■ **Input material**:
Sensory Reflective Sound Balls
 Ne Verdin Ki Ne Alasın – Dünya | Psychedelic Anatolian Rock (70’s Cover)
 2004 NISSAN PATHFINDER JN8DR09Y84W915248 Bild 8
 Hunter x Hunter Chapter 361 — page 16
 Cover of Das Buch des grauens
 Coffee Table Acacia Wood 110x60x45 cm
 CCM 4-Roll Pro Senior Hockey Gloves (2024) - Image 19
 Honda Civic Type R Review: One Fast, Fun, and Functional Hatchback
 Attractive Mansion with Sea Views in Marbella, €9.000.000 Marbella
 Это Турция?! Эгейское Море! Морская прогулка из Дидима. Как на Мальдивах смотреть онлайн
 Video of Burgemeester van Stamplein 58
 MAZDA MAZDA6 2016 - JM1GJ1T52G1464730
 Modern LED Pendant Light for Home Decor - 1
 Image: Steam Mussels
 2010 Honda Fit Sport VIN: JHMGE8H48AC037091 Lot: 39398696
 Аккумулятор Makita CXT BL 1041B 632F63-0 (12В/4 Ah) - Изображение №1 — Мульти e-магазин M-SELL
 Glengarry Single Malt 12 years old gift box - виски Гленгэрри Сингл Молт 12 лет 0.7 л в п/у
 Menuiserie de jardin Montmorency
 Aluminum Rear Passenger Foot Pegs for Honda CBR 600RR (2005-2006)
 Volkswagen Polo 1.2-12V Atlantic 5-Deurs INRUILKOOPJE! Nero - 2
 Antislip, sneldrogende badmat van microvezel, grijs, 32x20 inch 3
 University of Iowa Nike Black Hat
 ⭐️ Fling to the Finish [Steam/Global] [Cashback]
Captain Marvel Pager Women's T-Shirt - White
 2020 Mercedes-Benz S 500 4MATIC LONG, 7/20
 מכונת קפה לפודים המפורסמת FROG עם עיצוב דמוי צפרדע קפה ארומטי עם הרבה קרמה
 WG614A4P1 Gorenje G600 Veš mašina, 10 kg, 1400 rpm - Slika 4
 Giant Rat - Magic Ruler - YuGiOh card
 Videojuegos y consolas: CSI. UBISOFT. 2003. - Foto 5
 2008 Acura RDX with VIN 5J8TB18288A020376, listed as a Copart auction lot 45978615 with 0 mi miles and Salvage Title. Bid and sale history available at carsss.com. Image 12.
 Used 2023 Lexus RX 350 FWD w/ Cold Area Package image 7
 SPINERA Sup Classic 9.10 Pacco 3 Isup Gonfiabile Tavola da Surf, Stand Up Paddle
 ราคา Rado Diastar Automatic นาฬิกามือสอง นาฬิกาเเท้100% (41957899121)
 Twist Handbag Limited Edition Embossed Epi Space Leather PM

■ **Work instructions**:
When you reach the line that contains "University of Iowa Nike Black Hat", stop; that line and every line before it, from the very first line of the data, should be restated word for word.

■ **Exercise solution**:
Sensory Reflective Sound Balls
 Ne Verdin Ki Ne Alasın – Dünya | Psychedelic Anatolian Rock (70’s Cover)
 2004 NISSAN PATHFINDER JN8DR09Y84W915248 Bild 8
 Hunter x Hunter Chapter 361 — page 16
 Cover of Das Buch des grauens
 Coffee Table Acacia Wood 110x60x45 cm
 CCM 4-Roll Pro Senior Hockey Gloves (2024) - Image 19
 Honda Civic Type R Review: One Fast, Fun, and Functional Hatchback
 Attractive Mansion with Sea Views in Marbella, €9.000.000 Marbella
 Это Турция?! Эгейское Море! Морская прогулка из Дидима. Как на Мальдивах смотреть онлайн
 Video of Burgemeester van Stamplein 58
 MAZDA MAZDA6 2016 - JM1GJ1T52G1464730
 Modern LED Pendant Light for Home Decor - 1
 Image: Steam Mussels
 2010 Honda Fit Sport VIN: JHMGE8H48AC037091 Lot: 39398696
 Аккумулятор Makita CXT BL 1041B 632F63-0 (12В/4 Ah) - Изображение №1 — Мульти e-магазин M-SELL
 Glengarry Single Malt 12 years old gift box - виски Гленгэрри Сингл Молт 12 лет 0.7 л в п/у
 Menuiserie de jardin Montmorency
 Aluminum Rear Passenger Foot Pegs for Honda CBR 600RR (2005-2006)
 Volkswagen Polo 1.2-12V Atlantic 5-Deurs INRUILKOOPJE! Nero - 2
 Antislip, sneldrogende badmat van microvezel, grijs, 32x20 inch 3
 University of Iowa Nike Black Hat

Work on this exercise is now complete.